# What you should do
All entries are to be reproduced exactly; the pictures are to be omitted.

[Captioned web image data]
-------
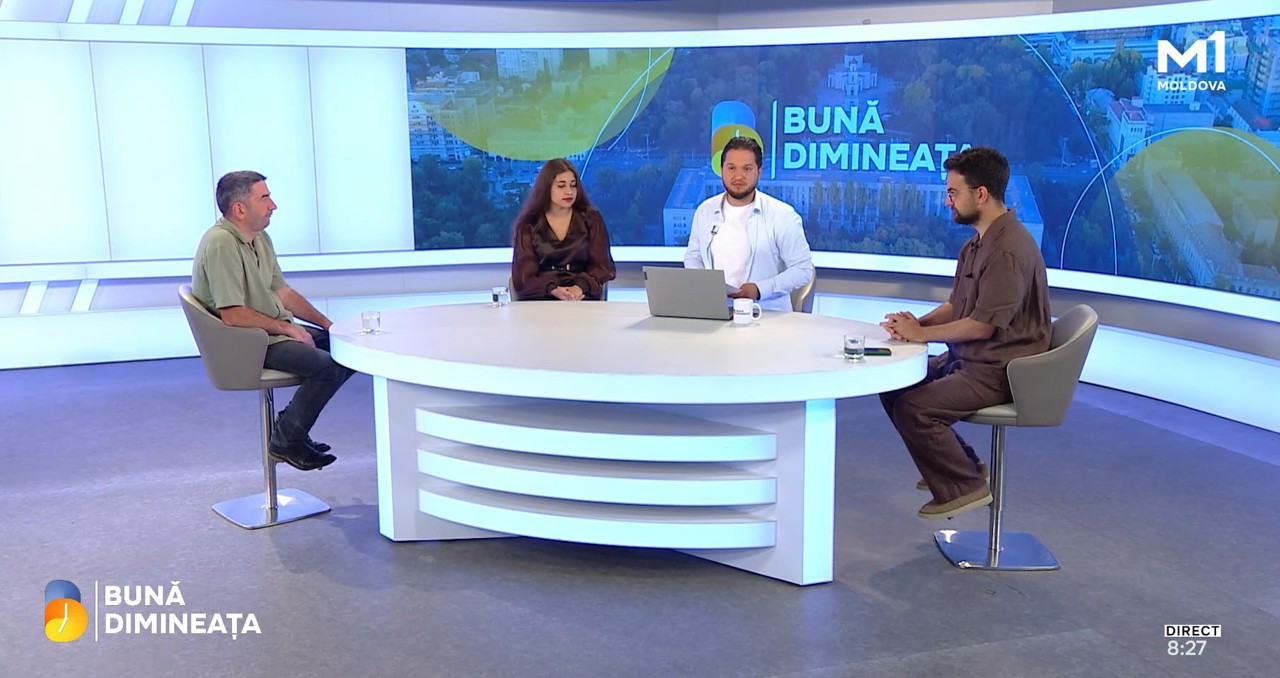 „Romano Drom”, emisiune dedicată comunității rome, la Moldova 1, din 22 iulie: „Despre ei trebuie să se cunoască mai mult”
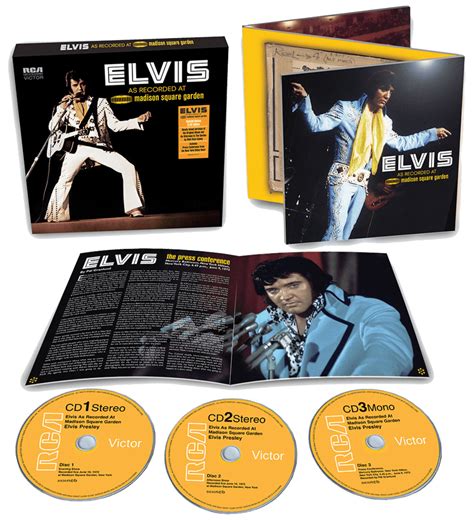 Reissues Upgrade Memorable Elvis Presley Concerts Well Enough For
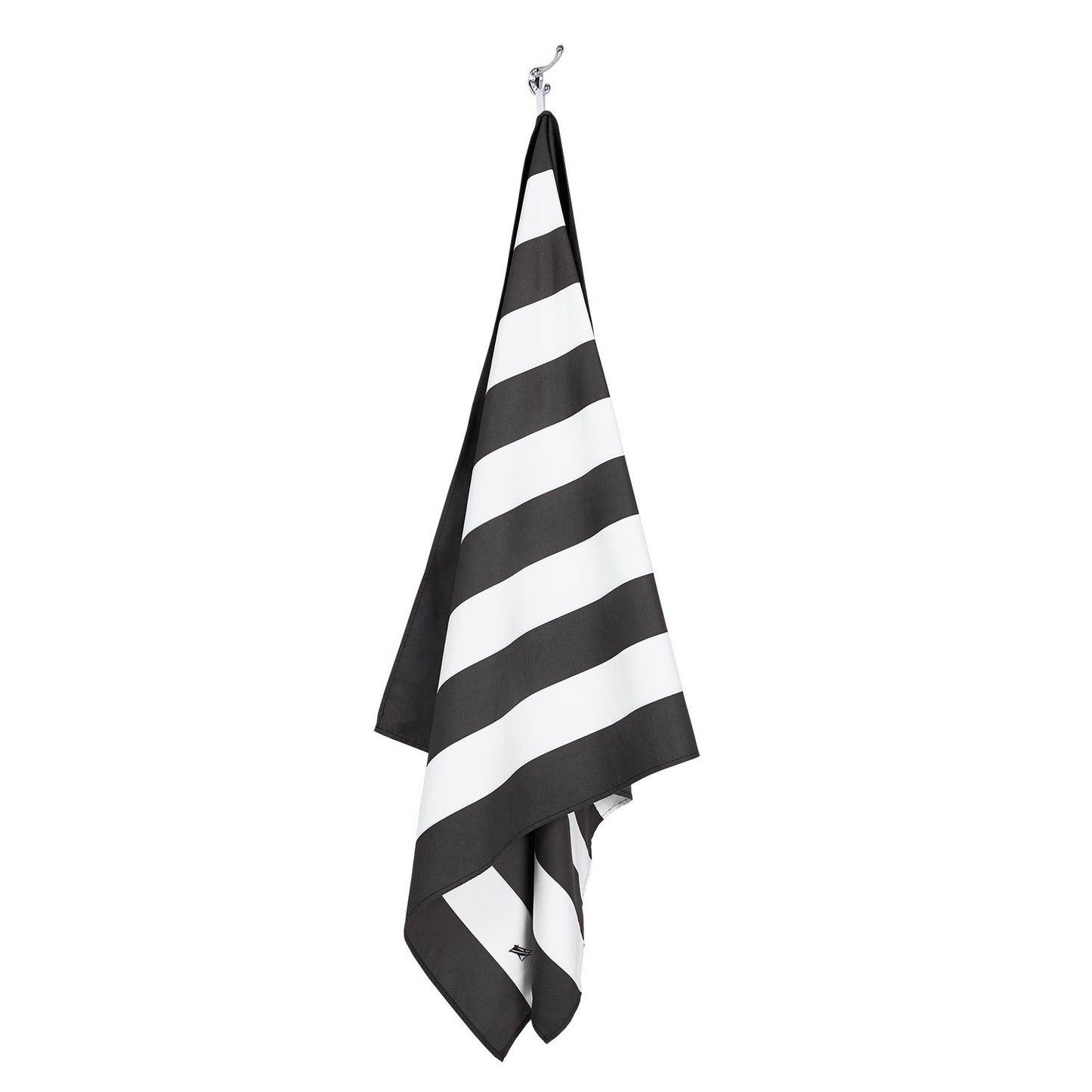 Dock & Bay Kamari Charcoal Beach Towel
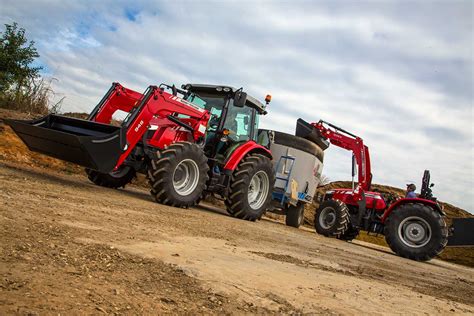 2016 Massey Ferguson 4707 Tractors Hazlehurst Georgia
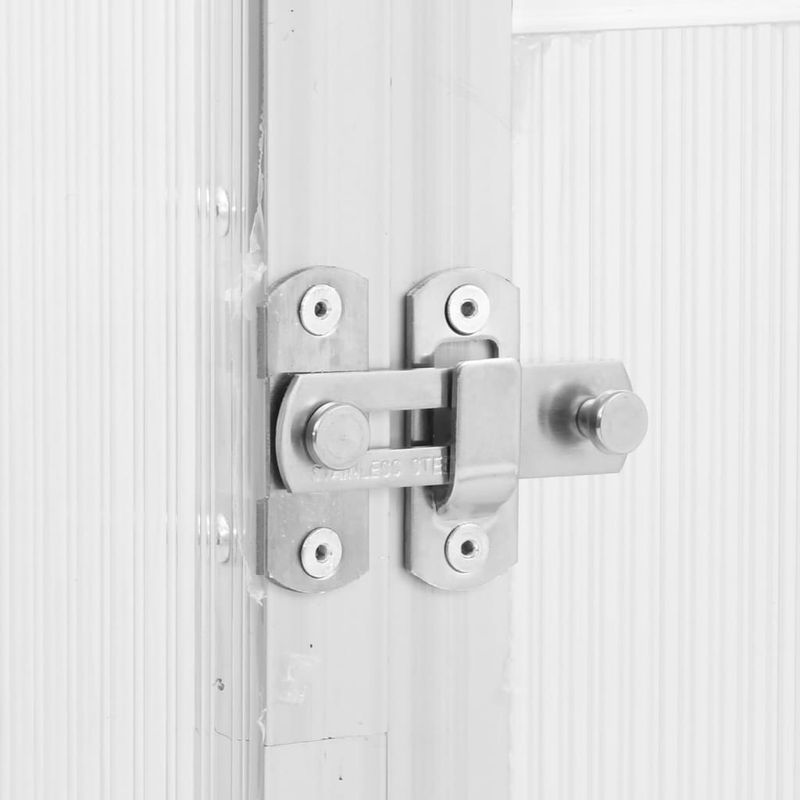 Casa si Gradina - Gradinarit si plante - Sere si solarii - Sere cu cadru de baza, argintiu, 169x169x202 cm, aluminiu - Infinity.ro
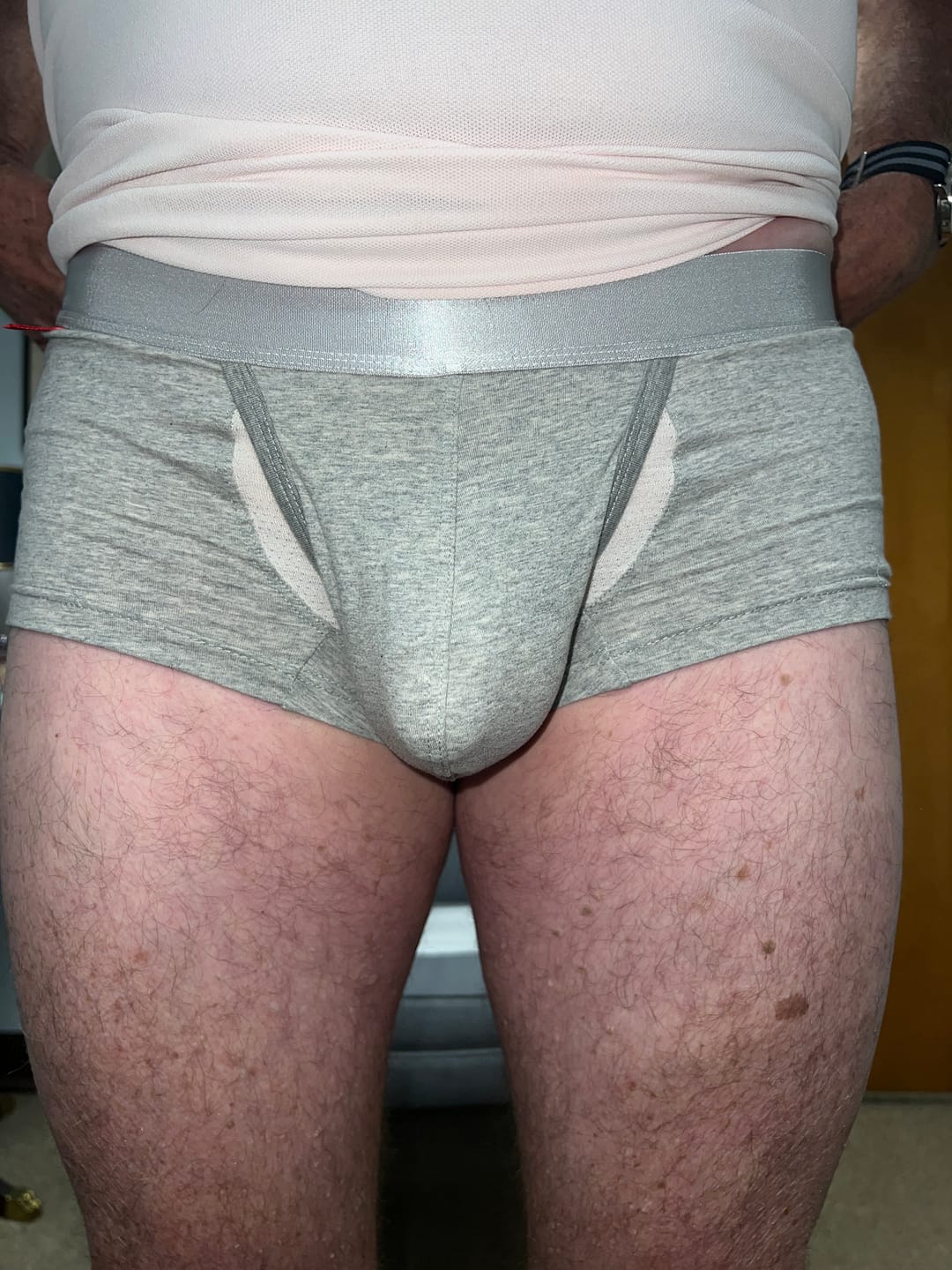 Customer photo review of 2-Pack Ball Hammock Casual Underwear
-------
# Problem solution
 „Romano Drom”, emisiune dedicată comunității rome, la Moldova 1, din 22 iulie: „Despre ei trebuie să se cunoască mai mult”
 Reissues Upgrade Memorable Elvis Presley Concerts Well Enough For
 Dock & Bay Kamari Charcoal Beach Towel
 2016 Massey Ferguson 4707 Tractors Hazlehurst Georgia
 Casa si Gradina - Gradinarit si plante - Sere si solarii - Sere cu cadru de baza, argintiu, 169x169x202 cm, aluminiu - Infinity.ro
 Customer photo review of 2-Pack Ball Hammock Casual Underwear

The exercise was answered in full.